Nuggets from Seeking and Finding God—Of Bodies and Spirits | thebereancall.org

Dave Hunt

Physical bodies inhabit the physical universe—a universe designed specifically for physical life, as indicated by overwhelming scientific evidence. That the universe could have evolved by chance is preposterous, as we will shortly see. There is no theory that can explain the origin of energy, the stuff of which all matter is made, so it is absurd to speculate about the origin and presumed evolution of physical bodies when we cannot explain the origin of the matter those bodies comprise.

Certainly thoughts and ideas, which are demonstrably not physical, do not originate with matter and therefore could not be explained by any evolutionary theory pertaining to physical bodies. Each nonphysical idea (truth, justice, perfection, right, wrong, etc.)—for which there is no physical description—indisputably has an intelligent source that must likewise be nonphysical. Einstein spoke the obvious when he said that matter cannot organize itself into information.

Nor can intelligence be a mere abstraction. It is not a constant but has personal qualities, and it varies from person to person. Why some people are more intelligent than others is not known, but we do know that intelligence is a quality of personal beings. Therefore, intelligence does not originate with the physical matter in the brain, though the brains of some persons seem to be more suited for certain kinds of thought than those of others. The brain is like a computer that is apparently dependent upon the individual “hardware” inherited from ancestors.
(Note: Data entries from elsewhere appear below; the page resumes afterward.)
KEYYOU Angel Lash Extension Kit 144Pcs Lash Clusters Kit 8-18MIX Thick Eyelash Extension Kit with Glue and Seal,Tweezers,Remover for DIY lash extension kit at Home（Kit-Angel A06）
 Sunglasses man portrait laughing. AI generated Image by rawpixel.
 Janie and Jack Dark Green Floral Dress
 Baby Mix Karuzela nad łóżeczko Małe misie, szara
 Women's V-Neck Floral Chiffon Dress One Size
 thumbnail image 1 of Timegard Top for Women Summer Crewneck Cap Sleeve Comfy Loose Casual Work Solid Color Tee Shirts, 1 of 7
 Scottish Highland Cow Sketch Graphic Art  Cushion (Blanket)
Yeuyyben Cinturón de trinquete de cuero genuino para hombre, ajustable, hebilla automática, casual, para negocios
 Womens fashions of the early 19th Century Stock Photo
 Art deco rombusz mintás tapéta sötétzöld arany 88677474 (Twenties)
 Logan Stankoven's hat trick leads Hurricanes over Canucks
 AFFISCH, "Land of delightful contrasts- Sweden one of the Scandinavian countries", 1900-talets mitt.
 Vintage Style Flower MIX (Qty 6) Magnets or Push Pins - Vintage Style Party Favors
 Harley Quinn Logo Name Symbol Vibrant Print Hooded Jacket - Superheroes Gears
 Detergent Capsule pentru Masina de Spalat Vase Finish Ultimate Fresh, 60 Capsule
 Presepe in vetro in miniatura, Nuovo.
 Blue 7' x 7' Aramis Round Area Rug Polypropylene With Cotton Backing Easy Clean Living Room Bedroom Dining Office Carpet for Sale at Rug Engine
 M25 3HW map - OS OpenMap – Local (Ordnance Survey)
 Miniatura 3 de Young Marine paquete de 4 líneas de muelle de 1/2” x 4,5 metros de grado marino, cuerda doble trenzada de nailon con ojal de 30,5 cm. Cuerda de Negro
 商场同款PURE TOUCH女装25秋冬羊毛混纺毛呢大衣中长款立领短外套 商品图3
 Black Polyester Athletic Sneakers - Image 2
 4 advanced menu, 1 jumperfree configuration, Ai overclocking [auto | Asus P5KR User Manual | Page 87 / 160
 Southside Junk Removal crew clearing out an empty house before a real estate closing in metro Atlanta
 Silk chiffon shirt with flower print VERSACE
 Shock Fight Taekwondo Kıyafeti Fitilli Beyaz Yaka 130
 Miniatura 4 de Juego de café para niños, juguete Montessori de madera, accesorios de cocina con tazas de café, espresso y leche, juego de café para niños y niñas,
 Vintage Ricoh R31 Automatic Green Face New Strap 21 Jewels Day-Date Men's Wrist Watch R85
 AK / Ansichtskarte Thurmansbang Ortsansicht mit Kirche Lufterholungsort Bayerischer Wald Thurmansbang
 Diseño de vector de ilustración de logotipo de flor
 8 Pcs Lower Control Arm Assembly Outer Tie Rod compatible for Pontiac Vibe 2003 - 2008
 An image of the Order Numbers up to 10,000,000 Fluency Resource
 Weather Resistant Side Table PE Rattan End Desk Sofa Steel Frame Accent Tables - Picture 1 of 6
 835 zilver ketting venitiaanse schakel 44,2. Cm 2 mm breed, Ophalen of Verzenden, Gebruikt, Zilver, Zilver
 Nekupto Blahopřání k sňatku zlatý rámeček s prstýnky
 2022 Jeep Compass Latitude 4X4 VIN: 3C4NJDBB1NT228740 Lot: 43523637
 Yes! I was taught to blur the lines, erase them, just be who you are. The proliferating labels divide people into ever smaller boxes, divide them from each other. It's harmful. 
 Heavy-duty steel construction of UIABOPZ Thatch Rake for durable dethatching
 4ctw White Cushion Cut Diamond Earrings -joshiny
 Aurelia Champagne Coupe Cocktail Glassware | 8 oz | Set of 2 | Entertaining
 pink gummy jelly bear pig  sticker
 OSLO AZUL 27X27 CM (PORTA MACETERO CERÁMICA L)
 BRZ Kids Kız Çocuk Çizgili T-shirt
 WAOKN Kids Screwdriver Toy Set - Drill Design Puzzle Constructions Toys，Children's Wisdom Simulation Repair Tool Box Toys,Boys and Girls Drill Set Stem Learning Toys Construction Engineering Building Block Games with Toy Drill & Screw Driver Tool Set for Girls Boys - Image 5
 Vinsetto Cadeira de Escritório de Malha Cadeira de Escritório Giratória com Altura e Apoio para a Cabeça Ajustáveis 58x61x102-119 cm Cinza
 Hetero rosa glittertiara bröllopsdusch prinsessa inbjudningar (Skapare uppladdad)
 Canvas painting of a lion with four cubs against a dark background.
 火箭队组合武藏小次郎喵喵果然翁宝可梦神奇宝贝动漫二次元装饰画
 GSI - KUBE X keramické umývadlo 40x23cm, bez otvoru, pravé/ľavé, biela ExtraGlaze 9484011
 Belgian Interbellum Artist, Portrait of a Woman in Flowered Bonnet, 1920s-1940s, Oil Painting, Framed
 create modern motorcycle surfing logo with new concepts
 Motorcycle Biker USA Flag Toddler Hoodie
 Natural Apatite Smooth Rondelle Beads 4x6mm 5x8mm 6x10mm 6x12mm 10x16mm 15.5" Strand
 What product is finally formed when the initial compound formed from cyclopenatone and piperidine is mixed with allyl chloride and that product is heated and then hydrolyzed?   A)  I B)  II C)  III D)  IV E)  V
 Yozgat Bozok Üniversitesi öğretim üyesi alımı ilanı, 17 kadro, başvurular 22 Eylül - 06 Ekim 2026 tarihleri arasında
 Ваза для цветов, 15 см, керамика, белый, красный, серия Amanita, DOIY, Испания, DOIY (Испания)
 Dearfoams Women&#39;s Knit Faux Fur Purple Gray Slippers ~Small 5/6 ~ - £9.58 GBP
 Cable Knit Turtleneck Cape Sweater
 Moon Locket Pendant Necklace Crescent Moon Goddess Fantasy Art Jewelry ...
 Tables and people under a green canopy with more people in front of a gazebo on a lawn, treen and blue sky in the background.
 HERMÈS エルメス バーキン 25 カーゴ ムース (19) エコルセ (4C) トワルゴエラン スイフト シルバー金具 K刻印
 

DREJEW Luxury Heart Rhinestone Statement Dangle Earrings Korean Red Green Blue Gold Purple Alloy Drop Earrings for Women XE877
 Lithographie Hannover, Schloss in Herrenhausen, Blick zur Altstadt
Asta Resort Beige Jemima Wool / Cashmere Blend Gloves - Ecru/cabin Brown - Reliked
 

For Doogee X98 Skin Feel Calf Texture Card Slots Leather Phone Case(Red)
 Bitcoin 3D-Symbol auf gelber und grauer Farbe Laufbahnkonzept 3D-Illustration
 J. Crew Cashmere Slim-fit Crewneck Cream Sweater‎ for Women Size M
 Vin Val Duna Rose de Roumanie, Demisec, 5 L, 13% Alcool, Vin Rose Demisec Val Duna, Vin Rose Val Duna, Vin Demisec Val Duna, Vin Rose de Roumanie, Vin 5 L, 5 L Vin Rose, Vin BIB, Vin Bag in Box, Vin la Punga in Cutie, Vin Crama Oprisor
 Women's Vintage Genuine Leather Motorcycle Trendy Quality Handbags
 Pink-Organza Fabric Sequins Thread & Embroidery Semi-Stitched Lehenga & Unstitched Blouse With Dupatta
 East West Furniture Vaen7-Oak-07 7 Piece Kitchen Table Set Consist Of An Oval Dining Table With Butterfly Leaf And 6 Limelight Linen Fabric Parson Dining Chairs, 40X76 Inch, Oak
But the thoughts themselves, though they energize the brain in order to express themselves in words and actions through the body run by the brain, can only originate from the nonphysical thinker inside. And that thinker is mysteriously connected to its body until separated therefrom by what we call death.

We refer to nonphysical beings as souls or spirits. We would not have thoughts and ideas if we were only physical entities—certainly not thoughts of good and evil, of morals and ethics. The real person inside the body, the person who thinks, decides, chooses, and has a sense of its own separate identity and moral responsibility, must be nonphysical. According to the Bible, man has both a soul and spirit. The former recognizes itself as different from all other beings, and the latter recognizes and can commune with God—or choose not to do so.

Physical bodies are, of course, subject to the physical laws governing the universe. Our bodies are subject to the pull of gravity, can be damaged in many ways by impact or disease, and eventually die and deteriorate in the grave, according to the second law of thermodynamics. But the soul and spirit, being nonphysical, are clearly not subject to physical laws. They cannot be part of the physical universe and therefore obviously inhabit their physical bodies only temporarily.